The top of the list concerns for AOL is the introduction of broadband as a threat, a shift to free dial-up access. The emerging trend of free dial-up access offered by NetZero is threatening to devour AOL’s free access fee, which is still the bulk of and estimated to be as high as 75% of its revenue base. The market is highly competitive. Microsoft, as well as, other formidable competitors are trying to dominate the Web-browser market and discourage innovation and competition. Therefore, this affects AOL dramatically more serious in its potential consequences for a competitive new media entertainment.

V. Problem Statement

AOL Time Warner has reported a loss of $45.5 billion, due primarily to the depreciation of its flagship America Online property, bringing the company to post an annual loss of $ billion, the biggest corporate loss of U.S. history. This has caused AOL Time Warner’s board of directors to remove the “AOL” from its corporate name. Richard Parsons, AOL Time Warner CEO, stated, “We believe that our new name better reflects the portfolio of our valuable businesses and ends any confusion between our corporate name and the America Online brand name for our investors. The problem results in the new accounting rules, the overall weakness of the advertising industry, and the depreciating value of America Online, the Internet, and the cable business. With this and the increased level of competition in mind, their leadership must be solid and able to conform to the changes that occur in this industry. These changes include the way in which people use and access their communication sources.

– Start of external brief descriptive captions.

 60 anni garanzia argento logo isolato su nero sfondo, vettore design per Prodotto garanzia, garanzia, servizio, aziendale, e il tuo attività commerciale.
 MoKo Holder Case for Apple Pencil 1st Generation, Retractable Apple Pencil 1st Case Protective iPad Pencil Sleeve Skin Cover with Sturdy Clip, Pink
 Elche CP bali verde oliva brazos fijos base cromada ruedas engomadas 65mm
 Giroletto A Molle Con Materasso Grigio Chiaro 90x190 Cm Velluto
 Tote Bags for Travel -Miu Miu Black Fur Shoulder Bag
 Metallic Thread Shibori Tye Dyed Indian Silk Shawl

VI. Strategic Alternatives

There are many alternatives that are open to Time Warner’s organization. The most feasible alternatives are those that allow the company to maintain its competitive advantage, reduce costs, and increase its profits. Time Warner should conduct a thorough industry analysis at least twice per year. This would help them to understand the structure of the industry and how profitable it can be. This would also allow them to see apparent opportunities for the growth in which they desire. Time Warner can increase revenue by incorporating free dial-up access, changing advertising strategies, and placing value back in the cable and Internet businesses. They should also leverage their personnel department in order to maintain a well-trained, as well as, diverse group of employees.

VII. Recommendations

We strongly suggest that Time Warner, whom is still under investigation by the government, change its profit structure because it is no longer solely dependent on its Internet services for revenue. In doing so, Time Warner can eliminate the free access fee and incorporate the free dial-up access, which will increase revenue. With the acquisition of Time Warner, the largest media monopoly, they will now have proceeds coming from Time magazine, CNN, Warner Bros., People magazine, Looney Tunes, Fortune, the Warner Music Group and HBO, which are all Time Warner names. In addition, Time Warner should change its advertising strategies. If Time Warner focuses on these alternatives their future growth and profitability would be substantial.

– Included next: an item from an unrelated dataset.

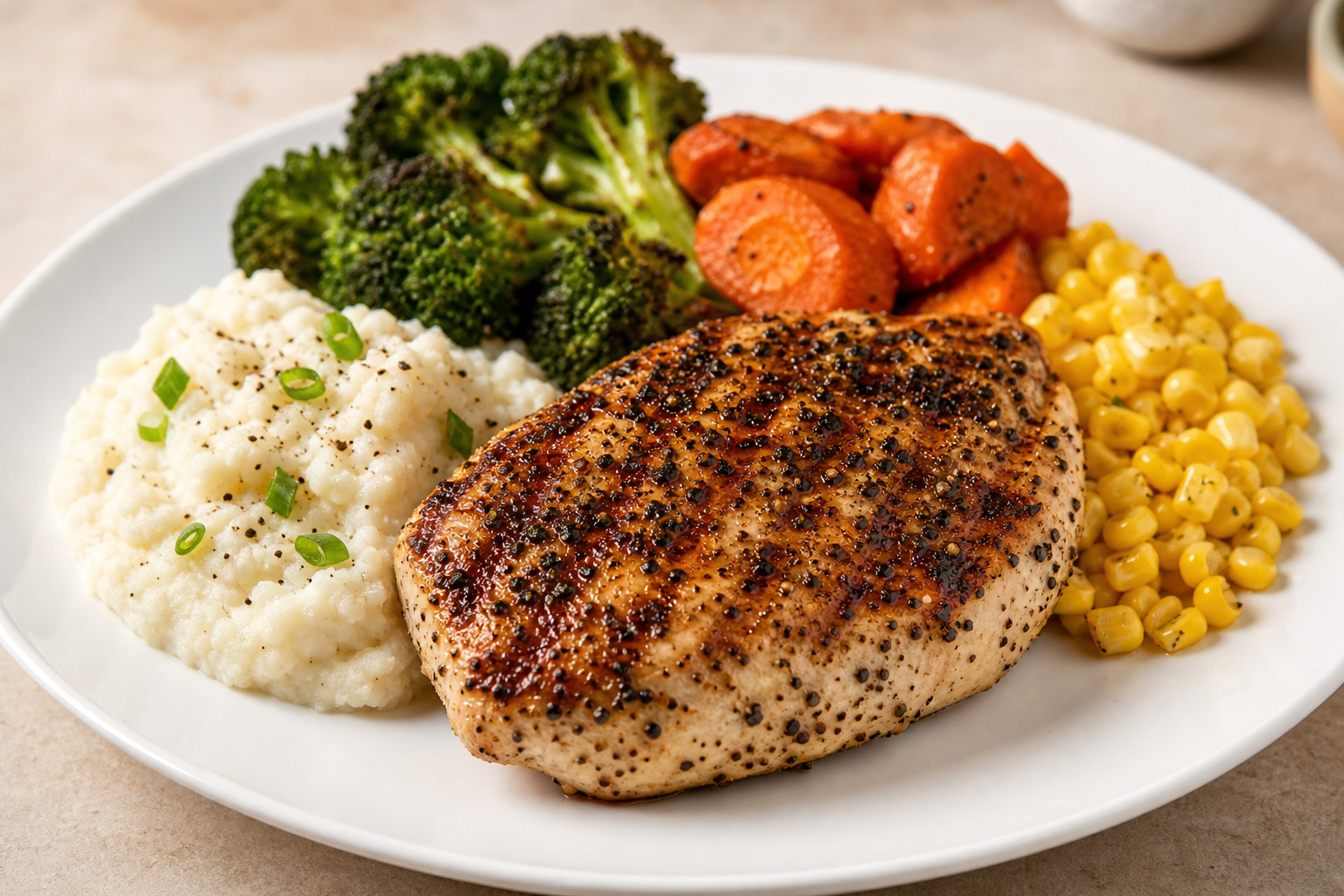 Pepper chicken steak with fresh vegetables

Now that the name “AOL” has been dropped from Time Warner and there have been management changes, the company has a lot of momentum and an exceptional chance of becoming very profitable if their growth prospect matches that of what this company is capable of. In order for this to happen, Time Warner has to be able to smooth out some of its rough edges, such as anti-trust issues, FCC regulations, and its broadband court battle.